= What is expected =
Would you please return the lines of the entries below starting at the line that has "Cable de red" and ending at the line that has "L.L.Bean Heren Lakewashed", both included, exactly as they are?

= Given records =
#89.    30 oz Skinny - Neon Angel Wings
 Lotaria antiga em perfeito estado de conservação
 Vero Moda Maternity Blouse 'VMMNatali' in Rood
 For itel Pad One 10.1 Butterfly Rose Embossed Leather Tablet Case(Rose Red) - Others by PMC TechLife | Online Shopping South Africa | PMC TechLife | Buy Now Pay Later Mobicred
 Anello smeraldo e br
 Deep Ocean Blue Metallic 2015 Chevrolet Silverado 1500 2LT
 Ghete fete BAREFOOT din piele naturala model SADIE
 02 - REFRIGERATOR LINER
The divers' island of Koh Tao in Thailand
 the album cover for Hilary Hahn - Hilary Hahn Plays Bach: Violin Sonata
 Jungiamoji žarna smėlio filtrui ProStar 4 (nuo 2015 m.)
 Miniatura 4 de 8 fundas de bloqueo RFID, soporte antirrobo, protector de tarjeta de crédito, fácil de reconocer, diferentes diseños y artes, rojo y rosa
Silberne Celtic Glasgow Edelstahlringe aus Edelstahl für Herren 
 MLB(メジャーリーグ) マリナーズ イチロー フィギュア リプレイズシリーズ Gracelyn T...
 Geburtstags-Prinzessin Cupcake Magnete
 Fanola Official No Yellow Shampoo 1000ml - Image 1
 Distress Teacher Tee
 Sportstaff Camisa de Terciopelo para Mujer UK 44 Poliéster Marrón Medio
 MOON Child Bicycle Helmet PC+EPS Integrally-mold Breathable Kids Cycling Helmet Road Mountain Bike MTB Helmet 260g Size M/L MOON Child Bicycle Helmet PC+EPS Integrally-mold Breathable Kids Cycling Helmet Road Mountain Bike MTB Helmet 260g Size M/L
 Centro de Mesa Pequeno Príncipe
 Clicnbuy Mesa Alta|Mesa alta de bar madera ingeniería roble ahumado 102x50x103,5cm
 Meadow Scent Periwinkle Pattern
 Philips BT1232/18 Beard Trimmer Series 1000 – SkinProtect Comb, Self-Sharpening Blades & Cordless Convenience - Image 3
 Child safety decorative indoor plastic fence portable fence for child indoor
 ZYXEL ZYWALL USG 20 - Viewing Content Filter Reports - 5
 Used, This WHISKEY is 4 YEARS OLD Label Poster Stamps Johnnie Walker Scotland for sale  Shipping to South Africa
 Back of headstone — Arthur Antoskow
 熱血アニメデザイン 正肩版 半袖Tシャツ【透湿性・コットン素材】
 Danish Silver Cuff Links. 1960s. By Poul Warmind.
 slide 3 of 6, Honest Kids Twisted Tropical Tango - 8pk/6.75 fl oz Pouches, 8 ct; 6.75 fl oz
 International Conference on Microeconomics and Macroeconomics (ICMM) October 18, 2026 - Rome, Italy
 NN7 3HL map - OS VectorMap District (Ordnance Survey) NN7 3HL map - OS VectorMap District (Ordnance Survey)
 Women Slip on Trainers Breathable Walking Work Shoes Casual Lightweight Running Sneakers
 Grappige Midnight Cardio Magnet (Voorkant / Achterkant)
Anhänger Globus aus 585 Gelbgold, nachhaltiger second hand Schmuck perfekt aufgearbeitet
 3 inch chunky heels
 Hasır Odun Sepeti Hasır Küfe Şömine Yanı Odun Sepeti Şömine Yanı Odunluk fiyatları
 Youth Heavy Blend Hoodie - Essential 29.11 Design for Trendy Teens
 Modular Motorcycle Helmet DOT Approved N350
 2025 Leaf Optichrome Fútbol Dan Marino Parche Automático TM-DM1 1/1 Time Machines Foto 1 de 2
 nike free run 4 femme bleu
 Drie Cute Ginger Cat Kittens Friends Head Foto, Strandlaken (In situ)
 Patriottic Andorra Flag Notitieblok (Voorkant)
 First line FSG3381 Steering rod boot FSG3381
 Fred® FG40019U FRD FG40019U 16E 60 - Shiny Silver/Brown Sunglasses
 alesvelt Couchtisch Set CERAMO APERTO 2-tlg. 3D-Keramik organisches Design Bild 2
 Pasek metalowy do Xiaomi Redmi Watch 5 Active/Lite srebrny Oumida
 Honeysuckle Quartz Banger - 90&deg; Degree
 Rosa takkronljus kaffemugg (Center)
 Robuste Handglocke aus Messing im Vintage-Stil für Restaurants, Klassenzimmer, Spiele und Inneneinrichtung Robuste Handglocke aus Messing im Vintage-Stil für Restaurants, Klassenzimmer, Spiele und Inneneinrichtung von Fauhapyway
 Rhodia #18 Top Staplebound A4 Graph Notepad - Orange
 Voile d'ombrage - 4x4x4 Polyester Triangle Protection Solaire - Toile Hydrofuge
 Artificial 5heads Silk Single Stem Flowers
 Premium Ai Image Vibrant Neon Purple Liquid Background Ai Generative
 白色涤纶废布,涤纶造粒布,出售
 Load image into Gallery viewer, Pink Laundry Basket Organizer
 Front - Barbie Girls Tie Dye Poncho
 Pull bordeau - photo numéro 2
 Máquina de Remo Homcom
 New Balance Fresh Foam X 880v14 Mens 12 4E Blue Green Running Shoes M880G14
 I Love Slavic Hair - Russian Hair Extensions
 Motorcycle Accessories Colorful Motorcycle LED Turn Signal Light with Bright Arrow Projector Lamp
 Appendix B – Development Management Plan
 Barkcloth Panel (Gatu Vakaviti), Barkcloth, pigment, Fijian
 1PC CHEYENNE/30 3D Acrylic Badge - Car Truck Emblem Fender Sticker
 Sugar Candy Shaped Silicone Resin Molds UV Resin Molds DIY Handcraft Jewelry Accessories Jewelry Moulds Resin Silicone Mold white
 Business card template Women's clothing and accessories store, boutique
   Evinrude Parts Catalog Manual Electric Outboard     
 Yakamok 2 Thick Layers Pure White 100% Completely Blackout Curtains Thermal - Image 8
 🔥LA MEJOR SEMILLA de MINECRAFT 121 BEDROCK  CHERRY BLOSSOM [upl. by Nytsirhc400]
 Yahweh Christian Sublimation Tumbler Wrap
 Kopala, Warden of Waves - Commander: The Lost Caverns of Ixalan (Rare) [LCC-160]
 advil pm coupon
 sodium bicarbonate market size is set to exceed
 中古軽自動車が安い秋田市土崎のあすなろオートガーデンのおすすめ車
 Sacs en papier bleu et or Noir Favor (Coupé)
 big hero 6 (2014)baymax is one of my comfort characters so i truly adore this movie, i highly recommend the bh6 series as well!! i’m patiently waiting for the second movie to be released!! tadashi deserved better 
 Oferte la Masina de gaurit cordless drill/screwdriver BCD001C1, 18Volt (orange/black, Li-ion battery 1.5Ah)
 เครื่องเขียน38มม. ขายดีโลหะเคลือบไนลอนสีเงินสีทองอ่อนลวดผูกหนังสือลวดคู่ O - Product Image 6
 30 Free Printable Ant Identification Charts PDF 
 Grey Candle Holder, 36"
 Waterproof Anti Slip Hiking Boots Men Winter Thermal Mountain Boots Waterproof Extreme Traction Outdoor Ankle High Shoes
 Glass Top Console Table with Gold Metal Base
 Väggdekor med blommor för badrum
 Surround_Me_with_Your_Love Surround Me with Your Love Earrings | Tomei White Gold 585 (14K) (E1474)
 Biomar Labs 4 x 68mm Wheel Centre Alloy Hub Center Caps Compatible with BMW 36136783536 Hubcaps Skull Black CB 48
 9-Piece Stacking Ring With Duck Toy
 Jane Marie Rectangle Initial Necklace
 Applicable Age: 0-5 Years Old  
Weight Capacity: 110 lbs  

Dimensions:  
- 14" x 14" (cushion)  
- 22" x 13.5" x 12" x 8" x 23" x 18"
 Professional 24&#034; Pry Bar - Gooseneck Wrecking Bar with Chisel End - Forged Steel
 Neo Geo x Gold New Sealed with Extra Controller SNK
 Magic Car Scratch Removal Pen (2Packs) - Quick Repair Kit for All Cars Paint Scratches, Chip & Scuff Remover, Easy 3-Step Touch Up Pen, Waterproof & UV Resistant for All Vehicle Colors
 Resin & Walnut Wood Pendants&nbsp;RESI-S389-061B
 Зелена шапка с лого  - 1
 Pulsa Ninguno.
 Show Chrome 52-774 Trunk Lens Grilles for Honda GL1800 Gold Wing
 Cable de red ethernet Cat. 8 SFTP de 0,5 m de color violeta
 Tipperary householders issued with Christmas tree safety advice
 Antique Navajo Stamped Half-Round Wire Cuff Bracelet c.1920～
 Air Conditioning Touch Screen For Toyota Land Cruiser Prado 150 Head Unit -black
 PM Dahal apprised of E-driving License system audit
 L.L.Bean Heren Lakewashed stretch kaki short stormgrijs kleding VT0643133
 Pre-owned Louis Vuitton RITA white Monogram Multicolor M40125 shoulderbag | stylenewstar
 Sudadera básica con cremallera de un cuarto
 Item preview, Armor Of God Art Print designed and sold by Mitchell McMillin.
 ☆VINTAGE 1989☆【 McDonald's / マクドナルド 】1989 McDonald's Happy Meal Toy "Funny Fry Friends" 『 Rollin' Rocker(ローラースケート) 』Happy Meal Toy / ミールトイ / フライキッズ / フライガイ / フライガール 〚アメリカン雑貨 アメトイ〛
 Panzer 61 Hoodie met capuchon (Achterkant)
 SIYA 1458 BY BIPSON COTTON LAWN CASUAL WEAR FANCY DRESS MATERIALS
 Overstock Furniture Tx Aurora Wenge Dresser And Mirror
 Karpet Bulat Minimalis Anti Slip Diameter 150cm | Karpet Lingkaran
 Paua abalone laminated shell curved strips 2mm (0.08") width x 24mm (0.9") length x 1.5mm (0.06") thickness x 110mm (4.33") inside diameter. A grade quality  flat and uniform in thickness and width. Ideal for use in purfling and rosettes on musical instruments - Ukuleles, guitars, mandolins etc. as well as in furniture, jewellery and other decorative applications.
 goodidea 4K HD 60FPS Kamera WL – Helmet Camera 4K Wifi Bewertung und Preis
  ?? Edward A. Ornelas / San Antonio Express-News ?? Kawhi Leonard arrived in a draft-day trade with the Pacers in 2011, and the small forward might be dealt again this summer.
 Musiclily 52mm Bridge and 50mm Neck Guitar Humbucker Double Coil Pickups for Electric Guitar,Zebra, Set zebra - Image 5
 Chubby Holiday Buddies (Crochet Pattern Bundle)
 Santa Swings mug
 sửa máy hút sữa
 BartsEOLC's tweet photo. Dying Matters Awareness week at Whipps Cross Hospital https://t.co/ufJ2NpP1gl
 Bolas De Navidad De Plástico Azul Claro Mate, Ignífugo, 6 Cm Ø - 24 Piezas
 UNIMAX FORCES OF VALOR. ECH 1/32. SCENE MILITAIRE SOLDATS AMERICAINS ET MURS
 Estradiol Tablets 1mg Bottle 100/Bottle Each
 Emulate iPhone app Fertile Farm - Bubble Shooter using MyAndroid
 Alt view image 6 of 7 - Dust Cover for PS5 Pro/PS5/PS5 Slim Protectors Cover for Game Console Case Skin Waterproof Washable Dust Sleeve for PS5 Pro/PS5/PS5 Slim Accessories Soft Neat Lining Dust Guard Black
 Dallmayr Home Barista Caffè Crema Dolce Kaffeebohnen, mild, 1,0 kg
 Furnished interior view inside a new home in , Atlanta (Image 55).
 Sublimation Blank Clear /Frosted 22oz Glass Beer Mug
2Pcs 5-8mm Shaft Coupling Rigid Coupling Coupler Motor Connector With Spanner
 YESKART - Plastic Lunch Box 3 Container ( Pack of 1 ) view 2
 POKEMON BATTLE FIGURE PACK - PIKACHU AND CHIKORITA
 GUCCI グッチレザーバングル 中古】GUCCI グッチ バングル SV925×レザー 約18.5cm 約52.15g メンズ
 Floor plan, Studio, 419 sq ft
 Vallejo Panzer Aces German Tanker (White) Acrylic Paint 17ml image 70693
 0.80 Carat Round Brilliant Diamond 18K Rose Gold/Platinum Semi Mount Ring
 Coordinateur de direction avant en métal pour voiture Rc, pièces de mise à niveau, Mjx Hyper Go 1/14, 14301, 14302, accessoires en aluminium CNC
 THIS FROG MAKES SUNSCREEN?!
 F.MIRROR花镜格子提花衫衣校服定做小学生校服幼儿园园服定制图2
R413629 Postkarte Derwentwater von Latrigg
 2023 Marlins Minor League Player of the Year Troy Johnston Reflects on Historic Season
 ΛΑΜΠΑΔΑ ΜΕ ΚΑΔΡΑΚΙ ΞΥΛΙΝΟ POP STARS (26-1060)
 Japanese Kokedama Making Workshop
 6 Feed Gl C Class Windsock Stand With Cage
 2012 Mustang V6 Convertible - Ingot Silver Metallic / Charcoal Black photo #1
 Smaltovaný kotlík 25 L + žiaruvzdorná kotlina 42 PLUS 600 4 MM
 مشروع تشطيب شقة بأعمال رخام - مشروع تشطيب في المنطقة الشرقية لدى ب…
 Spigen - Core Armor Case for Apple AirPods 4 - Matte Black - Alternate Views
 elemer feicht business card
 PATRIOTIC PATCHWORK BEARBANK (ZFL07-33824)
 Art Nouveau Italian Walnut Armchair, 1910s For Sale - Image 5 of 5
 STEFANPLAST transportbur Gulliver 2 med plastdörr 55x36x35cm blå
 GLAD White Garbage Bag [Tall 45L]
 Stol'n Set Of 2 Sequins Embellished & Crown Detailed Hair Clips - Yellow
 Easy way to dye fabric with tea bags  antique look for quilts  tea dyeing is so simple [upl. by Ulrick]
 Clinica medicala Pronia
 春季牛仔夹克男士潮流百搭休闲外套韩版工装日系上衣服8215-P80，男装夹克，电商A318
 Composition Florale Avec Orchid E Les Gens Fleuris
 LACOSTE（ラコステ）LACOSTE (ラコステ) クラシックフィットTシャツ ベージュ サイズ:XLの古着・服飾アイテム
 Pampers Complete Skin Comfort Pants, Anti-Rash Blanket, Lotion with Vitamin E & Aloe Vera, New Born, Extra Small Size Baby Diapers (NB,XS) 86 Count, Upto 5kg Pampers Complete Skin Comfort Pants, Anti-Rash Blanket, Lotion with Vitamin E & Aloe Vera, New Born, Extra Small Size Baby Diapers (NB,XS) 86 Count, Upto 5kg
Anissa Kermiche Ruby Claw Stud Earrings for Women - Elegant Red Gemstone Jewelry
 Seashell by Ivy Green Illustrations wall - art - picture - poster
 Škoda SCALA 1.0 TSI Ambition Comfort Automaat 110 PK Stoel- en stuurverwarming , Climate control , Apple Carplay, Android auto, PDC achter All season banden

= Output of the exercise =
 Cable de red ethernet Cat. 8 SFTP de 0,5 m de color violeta
 Tipperary householders issued with Christmas tree safety advice
 Antique Navajo Stamped Half-Round Wire Cuff Bracelet c.1920～
 Air Conditioning Touch Screen For Toyota Land Cruiser Prado 150 Head Unit -black
 PM Dahal apprised of E-driving License system audit
 L.L.Bean Heren Lakewashed stretch kaki short stormgrijs kleding VT0643133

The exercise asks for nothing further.